Dann will ich zum Abschluss mal die
erste Umfrage (die derzeit laufende ist ja sehr beschränkt) zum Thema, wer Weltmeister werde, kurz ansprechen. Mit 17 Stimmen waren 14,5% der Meinung, dass Deutschland es packe. Ungefähr jeder siebte User, der seine Stimme abgab, darf sich also freuen, aus dem Bauch/Kopf/Suff heraus perfekt abgestimmt zu haben. Immerhin neun User tippten auf den Gegner Argentinien.

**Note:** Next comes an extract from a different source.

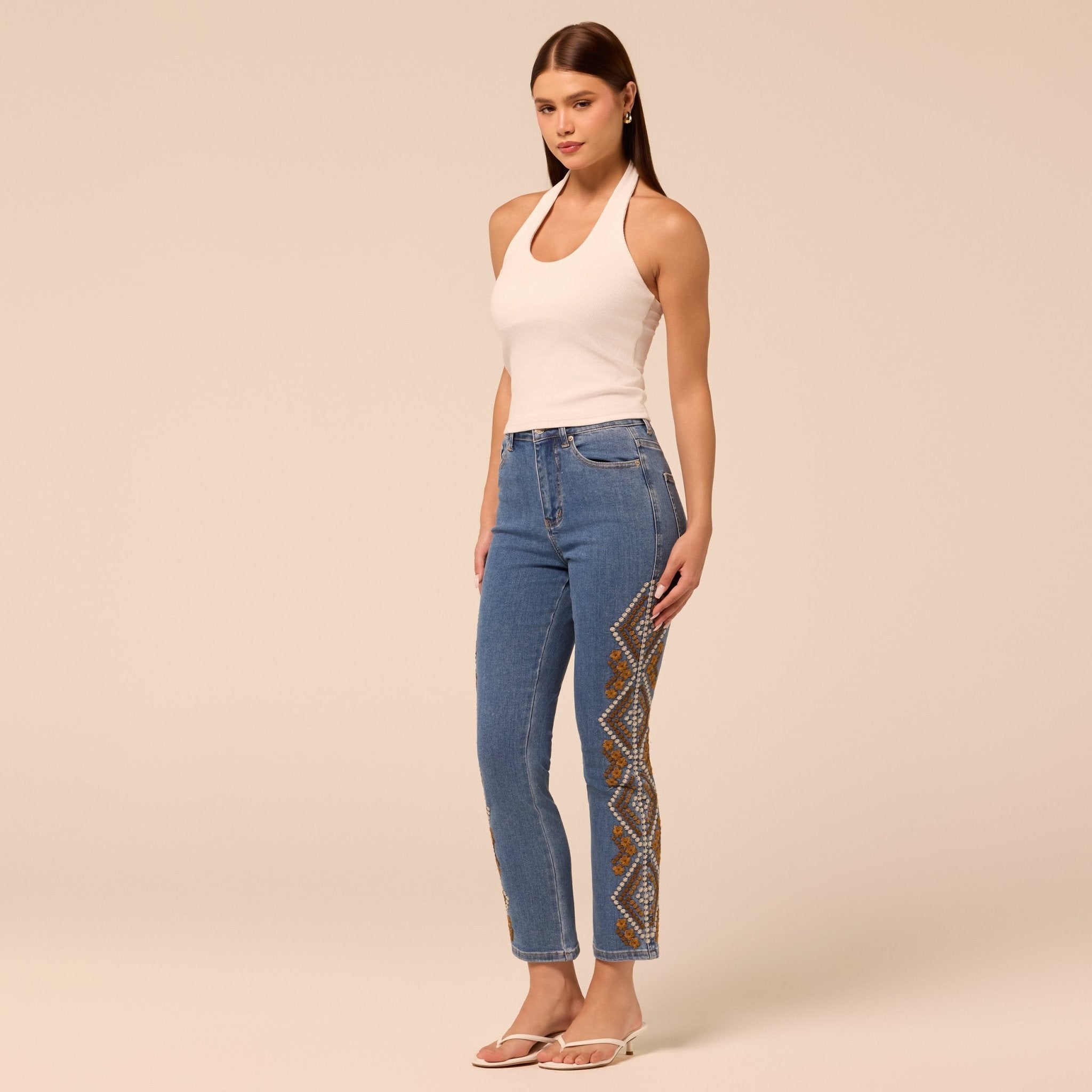 Dark Blue Embroidered Straight Leg Jeans - shopaleena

Auf die gesamten Halbfinalteilnehmer entfallen 52 Stimmen, das macht 44,5%. Ein gemischtes Ergebnis ist es also. Spanien und Belgien mit jeweils 15 Stimmen haben es nicht gepackt, auch Honduras mit seinen fünf Stimmen (

) bleibt nicht nachhaltig in Erinnerung.
Ich muss mich nochmal allgemein beim Forum bedanken. Normalerweise fällt mir Argumentieren schwer, da ich kaum Lust habe, mir intensiv aussagekräftige Dinge zu überlegen. Aber hier wird man immer wieder auf eigene Fehler bzw. Schwächen der Aussagen hingewiesen und muss sich (teils mit populistischen gegen oft noch populistischere Thesen) behaupten.